What a 100K-Concurrent WebRTC Signaling Architecture Looks Like
What
15 min read
Wed Feb 18 2026

What a 100K-Concurrent WebRTC Signaling Architecture Looks Like

A control-plane deep dive into deterministic room placement, backpressure budgets, autoscaling signals, and failure containment at high concurrency.

WebRTC
LiveKit
Distributed Systems
Realtime

What Changes in WebRTC at 100K Concurrency

At this scale, signaling becomes a control-plane design problem. You need deterministic room placement, admission control, backpressure, and resilient reconnect semantics.

Baseline topology

  • Edge gateway: TLS, auth, and websocket termination.
  • Signaling cluster: room membership, offer/answer routing, ICE lifecycle.
  • Message bus: cross-node fanout for participant updates.
  • Media plane (SFU): isolated from signaling failures.

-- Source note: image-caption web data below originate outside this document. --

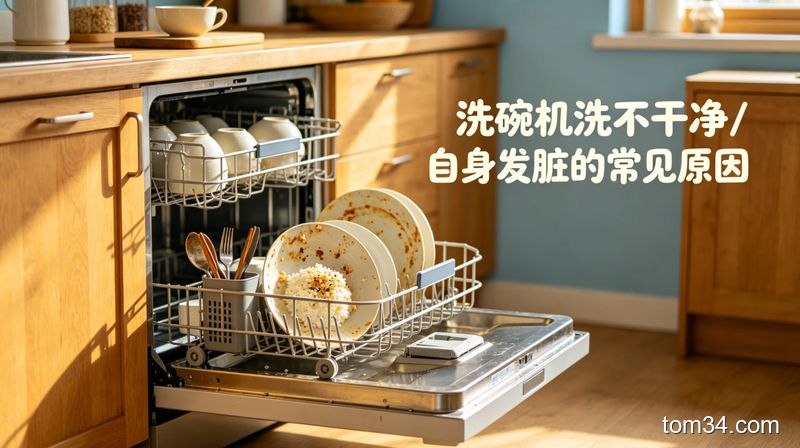 清新明亮生活化厨房场景，打开的洗碗机内放着带油污饭粒的未洗净餐具，旁边配文字标注「洗碗机洗不干净/自身发脏的常见原因」，风格温馨接地气，突出简单易懂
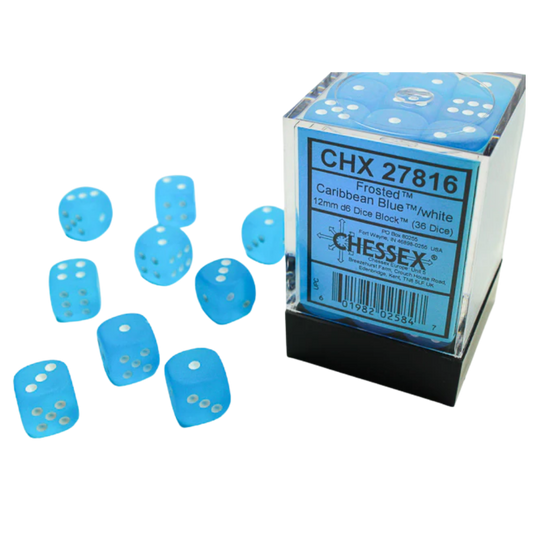 Chessex - 36D6 - Frosted - Caribbean Blue/White Pips
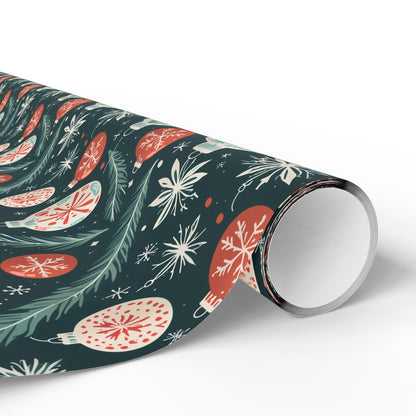 Frosted Evergreen – Retro Ornament & Pine Wrapping Paper
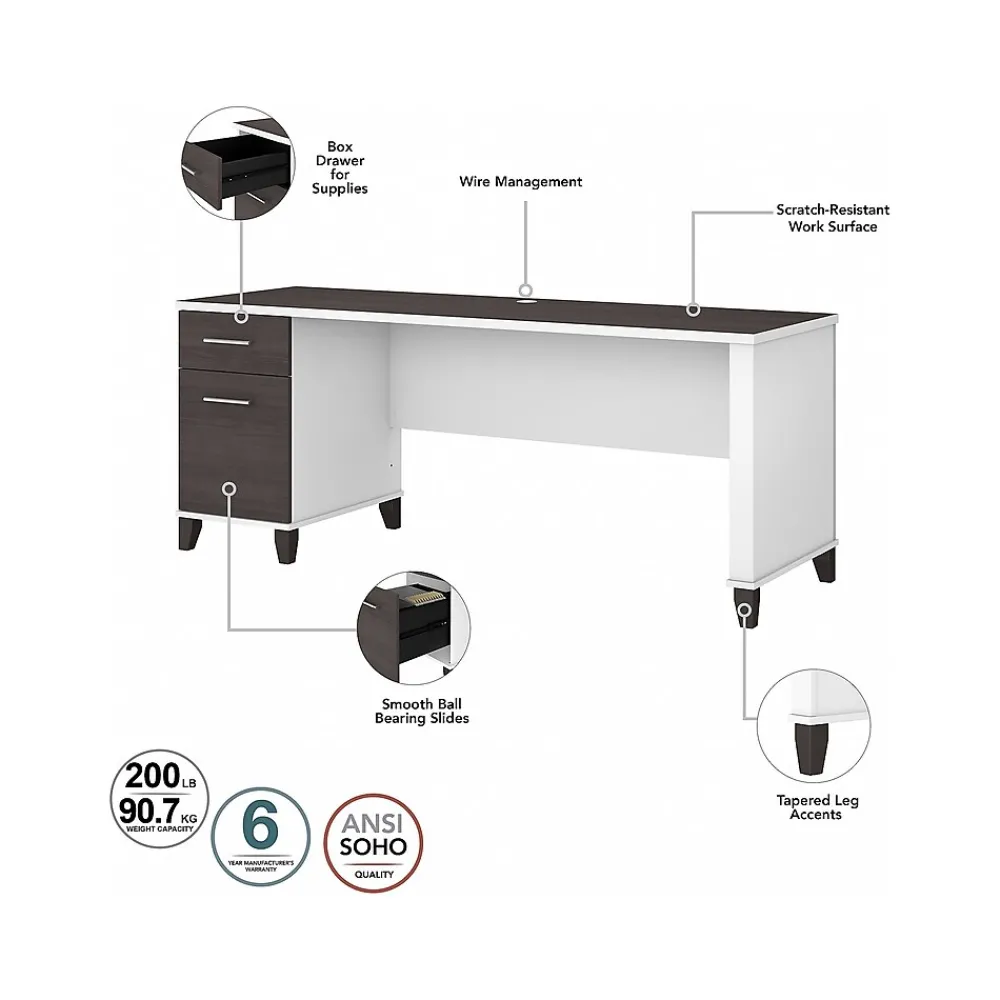 Computer Desks*Bush Furniture Somerset 72"W Office Desk with Drawers, (WC81072) Storm Gray/White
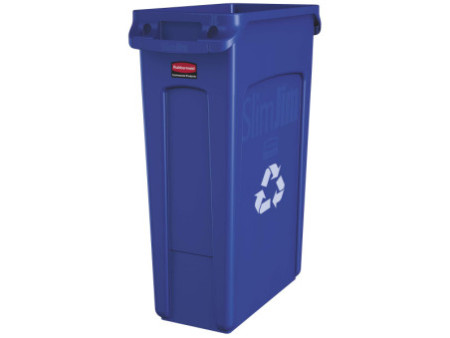 Rubbermaid Collecteur de déchets Slim Jim, 87 litres, bleu
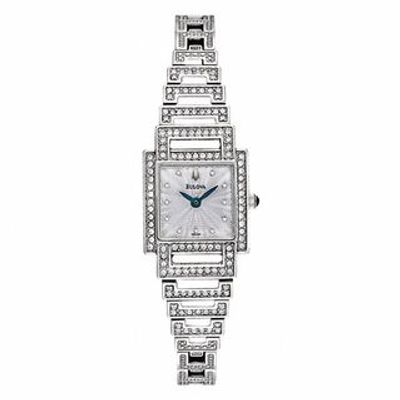 Ladies' Bulova Crystal Accent Watch with Square Silver-Tone Dial (Model: 96L140)|Peoples Jewellers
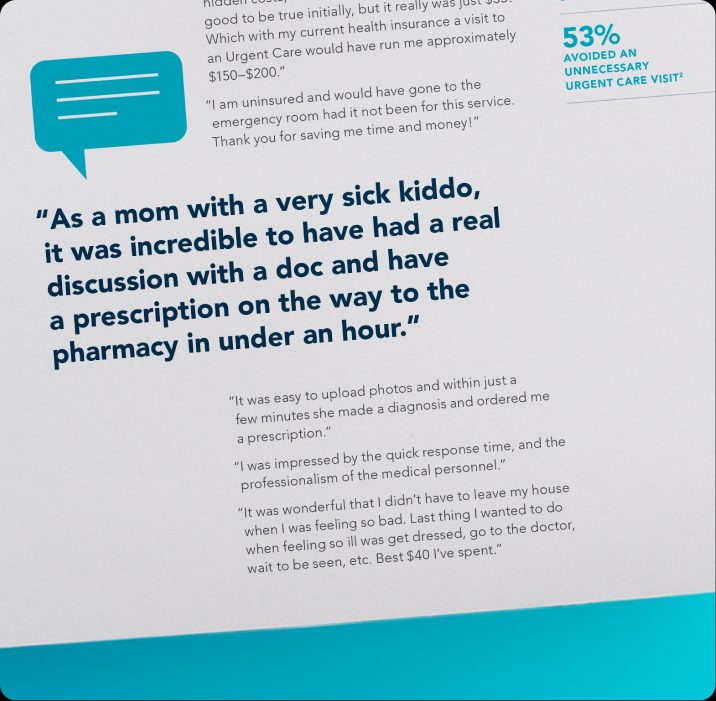 Patient testimonial page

Deterministic Room Placement

Avoid random node selection. Use rendezvous hashing so reconnects tend to land on the same shard when healthy, reducing cross-node chatter and cache misses.

room-placement.tsts
interface SignalingNode {
  id: string;
  region: string;
  activeConnections: number;
  maxConnections: number;
}

function score(nodeId: string, roomId: string) {
  return murmurHash(nodeId + ":" + roomId);
}

export function selectNode(roomId: string, nodes: SignalingNode[]) {
  const healthy = nodes.filter((n) => n.activeConnections < n.maxConnections);
  if (healthy.length === 0) throw new Error("No capacity available");

  return healthy
    .map((node) => ({
      node,
      hash: score(node.id, roomId),
      loadRatio: node.activeConnections / node.maxConnections,
    }))
    .sort((a, b) => b.hash - a.hash || a.loadRatio - b.loadRatio)[0].node;
}

Backpressure and Fanout Discipline

One noisy room can starve a node. Apply per-room and per-connection budgets. Drop non-critical updates first (e.g., speaking indicators) before critical protocol events.

fanout-budget.tsts
class TokenBucket {
  constructor(
    private capacity: number,
    private refillPerSecond: number,
    private tokens = capacity,
  ) {}

  tick(elapsedSeconds: number) {
    this.tokens = Math.min(this.capacity, this.tokens + elapsedSeconds * this.refillPerSecond);
  }

  tryConsume(cost = 1) {
    if (this.tokens < cost) return false;
    this.tokens -= cost;
    return true;
  }
}

export function publishParticipantUpdate(roomBucket: TokenBucket, payload: unknown) {
  if (!roomBucket.tryConsume(1)) {
    metrics.increment("rtc.room_updates_dropped");
    return;
  }

  bus.publish("room.participant.updated", payload);
}

Autoscaling Signals That Matter

CPU alone is insufficient. You need domain metrics in autoscaling: active connections, fanout queue depth, join latency p95, and reconnect failure rate.

signaling-hpa.yamlyaml
apiVersion: autoscaling/v2
kind: HorizontalPodAutoscaler
metadata:
  name: signaling-hpa
spec:
  minReplicas: 8
  maxReplicas: 64
  metrics:
    - type: Pods
      pods:
        metric:
          name: active_websocket_connections
        target:
          type: AverageValue
          averageValue: "1700"
    - type: Pods
      pods:
        metric:
          name: fanout_queue_depth
        target:
          type: AverageValue
          averageValue: "250"
    - type: Resource
      resource:
        name: cpu
        target:
          type: Utilization
          averageUtilization: 65

Resilience principle

If a signaling node dies, blast radius should be shard-local and clients must reconnect within an SLO window. Design for partial failure, not perfect uptime.